貯骨と運動
「貯骨」の残高を増やすためにはどうしたらいいのでしょう。
まずは、カルシウムを摂取することです。日本人はすべての世代にわたって、厚生労働省の定めた目安量を下回っています。
世代では異なりますが、約200mgのカルシウム(牛乳1本分)を今より多くとれば目安量が満たせます。
食事から摂取するのが一番ですが、加齢とともに食事量が減るため、必要量の摂取は難しくなりがち。また、体質的に腸の吸収力が弱い人もいます。そんな場合、サプリメントを上手に活用するのも方法です。
強い骨をつくるには、「負荷(重力)」も必要です。1960-70年代にアメリカで行われた宇宙飛行のための実験で、無重力状態にみたてて健康な人をベッドで寝たきりにさせたところ、尿中に排泄されるカルシウム濃度が高まるという結果になりました。体が「カルシウムは不要」と判断し放出してしまうのです。
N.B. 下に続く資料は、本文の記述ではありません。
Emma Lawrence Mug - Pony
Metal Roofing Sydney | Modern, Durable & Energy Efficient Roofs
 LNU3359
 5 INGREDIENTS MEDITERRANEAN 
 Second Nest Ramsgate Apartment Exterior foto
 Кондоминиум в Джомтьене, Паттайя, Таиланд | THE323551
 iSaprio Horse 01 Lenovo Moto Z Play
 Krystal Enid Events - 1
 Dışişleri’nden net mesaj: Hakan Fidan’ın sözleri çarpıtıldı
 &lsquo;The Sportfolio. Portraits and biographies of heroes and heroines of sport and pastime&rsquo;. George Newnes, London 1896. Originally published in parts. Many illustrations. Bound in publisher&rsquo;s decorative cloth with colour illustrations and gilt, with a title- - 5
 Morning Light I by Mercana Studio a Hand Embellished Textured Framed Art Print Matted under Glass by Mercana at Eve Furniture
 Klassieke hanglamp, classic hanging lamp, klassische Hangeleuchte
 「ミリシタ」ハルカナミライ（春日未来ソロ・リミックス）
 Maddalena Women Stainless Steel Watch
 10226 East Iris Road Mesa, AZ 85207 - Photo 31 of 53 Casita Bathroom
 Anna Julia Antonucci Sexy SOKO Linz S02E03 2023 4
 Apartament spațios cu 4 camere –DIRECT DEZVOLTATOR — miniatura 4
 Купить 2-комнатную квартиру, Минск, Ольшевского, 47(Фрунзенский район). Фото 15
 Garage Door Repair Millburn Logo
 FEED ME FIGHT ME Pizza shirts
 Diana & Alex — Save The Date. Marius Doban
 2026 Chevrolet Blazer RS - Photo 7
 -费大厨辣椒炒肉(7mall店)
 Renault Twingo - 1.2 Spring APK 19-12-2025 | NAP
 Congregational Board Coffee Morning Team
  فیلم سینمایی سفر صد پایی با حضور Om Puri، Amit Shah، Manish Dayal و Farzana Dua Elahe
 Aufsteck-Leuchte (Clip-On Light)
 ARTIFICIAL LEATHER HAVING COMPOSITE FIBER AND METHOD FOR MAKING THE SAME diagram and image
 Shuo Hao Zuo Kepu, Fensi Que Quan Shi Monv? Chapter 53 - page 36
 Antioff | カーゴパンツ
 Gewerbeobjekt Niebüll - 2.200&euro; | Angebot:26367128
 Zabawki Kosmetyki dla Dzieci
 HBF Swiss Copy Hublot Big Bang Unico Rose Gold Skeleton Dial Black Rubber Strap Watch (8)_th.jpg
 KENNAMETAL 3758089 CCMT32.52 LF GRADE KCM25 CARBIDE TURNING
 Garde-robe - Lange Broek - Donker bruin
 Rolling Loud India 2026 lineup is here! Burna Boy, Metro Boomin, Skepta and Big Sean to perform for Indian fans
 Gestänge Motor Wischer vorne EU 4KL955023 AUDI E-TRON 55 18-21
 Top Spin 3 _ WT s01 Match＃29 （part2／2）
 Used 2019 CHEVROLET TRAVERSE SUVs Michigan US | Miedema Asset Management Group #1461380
ベッドに寝たままで天井からつるした自転車をこぐ運動をしても、排泄される尿中カルシウム濃度は高いままです。一方、午前と午後の計2時間ずつ起立姿勢をとってもらったところ、尿中カルシウム濃度は下がったといいます。いくら足を動かしても宙吊りの状態では負荷がかかりません。つまり、重力のような負荷がかかれば、体は「カルシウムが必要」と感じるというわけです。
普段の生活でも、負荷を身体にかければカルシウムの体外への放出量を抑えられますが、特にハードな運動を行う必要はありません。
たとえば散歩。そのとき、リュックサックを背負っていたり、お孫さんがいる世代の人なら抱っこしたりすれば、より骨に負荷をかけることができます。
また、電車の中で座らないことや、エスカレーターなどがあっても階段を使うといったことも効果的です。
つまり、日常生活の中のちょっとした心がけで、コツコツと「貯骨」をしていくのが、丈夫でしなやかな「美骨」を実現する道といえるでしょう。